Osman Palir stands at the free-throw line in the gym of the community center near his South Nashville home and watches the shot he has just released arc into the basket, barely disturbing the net.
"Forty-one," calls out his younger brother Suleiman as he returns the ball.
Osman takes three quick dribbles, regards the hoop and then swishes another free throw.
"Forty-two," says Suleiman.
That would be 42 swishes in a row. Osman hits another 20 straight before a shot finally rims out, eliciting a frown from his 15-year-old face. Then he starts a new streak that reaches 38 before he stops. "I try to make 100 free throws," he says.
Next, Osman puts on an even more remarkable display. Moving from place to place on the court, he throws in an assortment of shots. He hits several long rainbows from behind the three-point arc. He moves in a few feet and banks in several 15-footers off the glass. He steps into the lane and effortlessly swishes a few half-hook shots. Then he switches hands and swishes several more with his left. Then he crosses to the opposite baseline and hits five straight turnaround jumpers.
After each shot, Suleiman silently fires the ball back to his brother. He's no longer counting, but a visitor notes that Osman hits 21 straight shots before one finally clangs off the back of the rim. There will be 15 more baskets before the next miss. And then 19 more before the next one. Out of perhaps 100 shots, Osman misses eight. Only once does he miss two in a row.

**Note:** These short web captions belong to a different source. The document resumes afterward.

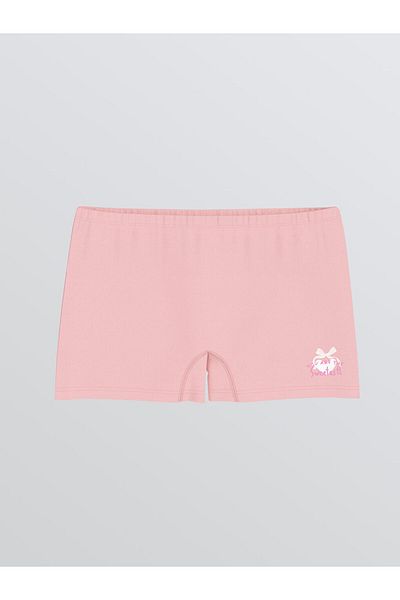 LC Waikiki Pink Printed Girl's Boxers 3 Pcs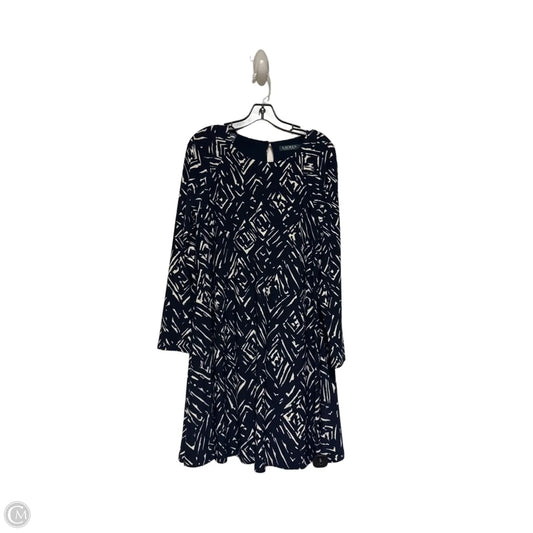 Dress Casual Short By Lauren By Ralph Lauren In Blue & White, Size: L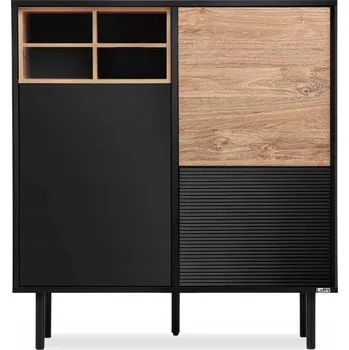 Komoda KOMODA ČERNÁ LOFT 150 DUB ANTRACIT LOFTY KONSIMO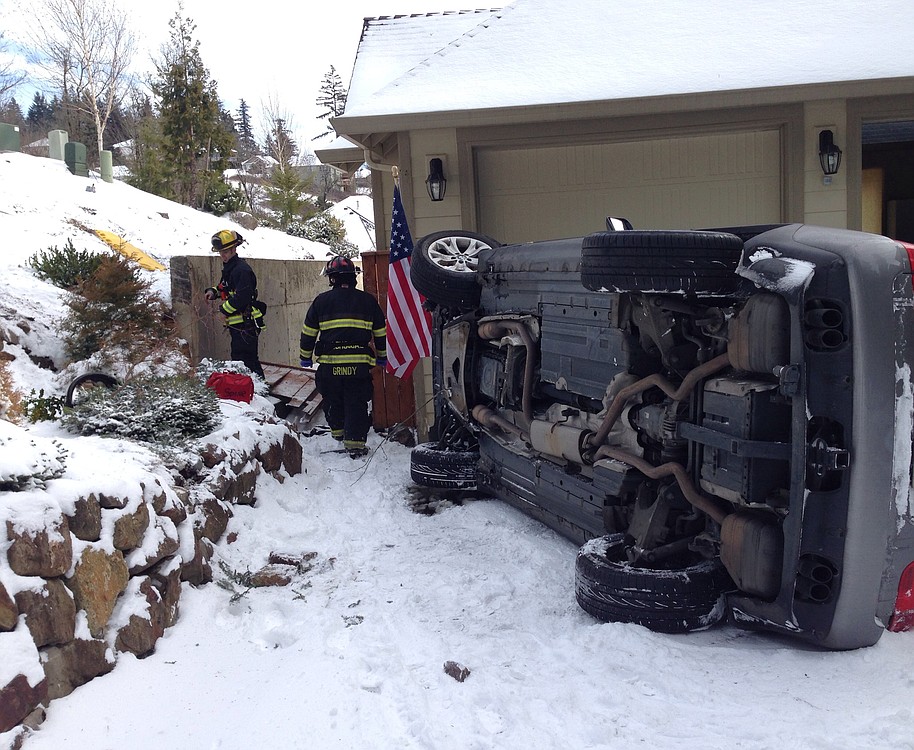 Firefighters responded to a call this morning about a vehicle that had traveled over an embankment in Washougal. The driver was the only occupant of the vehicle. He refused medical assistance.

Osman, whose family emigrated to Nashville from Iraqi Kurdistan a decade ago, is the best pure shooter you have never seen. Yet while Osman is literally a can't-miss prospect, his prospects of playing organized basketball, much less collegiate hoops, are slim.
Instead of playing for Overton High, the school for which Osman's family is zoned, he plays pickup games in the neighborhood. Osman and Suleiman are home-schooled by their father, who was a civil engineer in Iraq.
"I doubt my parents would let me play on a team because it would take time away from my studies," says Osman, who scored 750 on the math section of the PSAT last fall. "Studies come first with my family."
So Osman contents himself with a couple of hours of shooting most afternoons. When he's not shooting during what he calls his "activity break," you might find him in a three-on-three game with kids from the neighborhood.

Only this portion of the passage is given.